One requirement: The uploaded brain needs the same inputs it always had. In other words, the external world must be available to it. Even cloistered inside a computer, you would still need a simulation of your senses, a reproduction of the ability to see, hear, smell, touch, feel – as well as move, blink, detect your heart rate, set your circadian rhythm and do thousands of other things.
But why is that? Couldn’t you just exist in a pure mental bubble, inside the computer without sensory input?
Depriving people of their senses, like putting them in total darkness, or in a room without sound, is known as sensory deprivation, and it’s regarded as a form of torture. People who have trouble sensing their bodily signals – thirst, hunger, pain, an itch – often have mental health challenges.
That’s why for mind uploading to work, the simulation of your senses and the digital environment you’re in must be exceptionally accurate. Even minor distortions could have serious mental consequences.
For now, researchers don’t have the computing power, much less the scientific knowledge, to perform such simulations.
New and updated scanning technology is a necessity.
Scanning billions of pinheads
The first task for a successful mind upload: Scanning, then mapping the complete 3D structure of the human brain. This requires the equivalent of an extraordinarily sophisticated MRI machine that could detail the brain in an advanced way. At the moment, scientists are only at the very early stages of brain mapping – which includes the entire brain of a fly and tiny portions of a mouse brain.
In a few decades, a complete map of the human brain may be possible. Yet even capturing the identities of all 86 billion neurons, all smaller than a pinhead, plus their trillions of connections, still isn’t enough. Uploading this information by itself into a computer won’t accomplish much. That’s because each neuron constantly adjusts its functioning, and that has to be modeled, too.
It’s hard to know how many levels down researchers must go to make the simulated brain work.
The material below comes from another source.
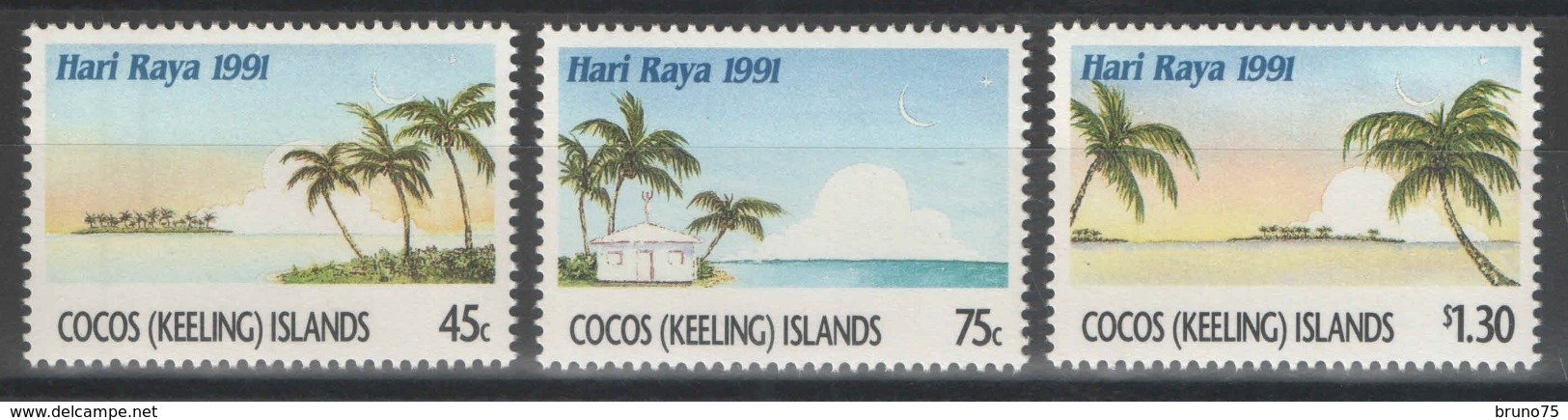 Cocos (Keeling) Islands - YT 237-239 ** MNH - 1991 - Cocos (Keeling) Islands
Is it enough to stop at the molecular level? Right now, no one knows.
Technological immortality comes with significant ethical concerns.
2045? 2145? Or later?
Knowing how the brain computes things might provide a shortcut. That would let researchers simulate only the essential parts of the brain, and not all biological idiosyncrasies. It’s easier to manufacture a new car knowing how a car works, compared to attempting to scan and replicate an existing car without any knowledge of its inner workings.
However, this approach requires that scientists figure out how the brain creates thoughts – how collections of thousands to millions of neurons come together to perform the computations that make the human mind come alive. It’s hard to express how very far we are from this.
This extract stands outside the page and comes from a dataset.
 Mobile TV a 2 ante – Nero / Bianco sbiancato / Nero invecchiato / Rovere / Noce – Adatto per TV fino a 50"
Here’s another way: Replace the 86 billion real neurons with artificial ones, one at a time. That approach would make mind uploading much easier. Right now, though, scientists can’t replace even a single real neuron with an artificial one.
But keep in mind the pace of technology is accelerating exponentially. It’s reasonable to expect spectacular improvements in computing power and artificial intelligence in the coming decades.
One other thing is certain: Mind uploading will certainly have no problem finding funding. Many billionaires appear glad to part with lots of their money for a shot at living forever.
Although the challenges are enormous and the path forward uncertain, I believe that one day, mind uploading will be a reality. The most optimistic forecasts pinpoint the year 2045, only 20 years from now. Others say the end of this century.
But in my mind, both of these predictions are probably too optimistic. I would be shocked if mind uploading works in the next 100 years. But it might happen in 200 – which means the first person to live forever could be born in your lifetime.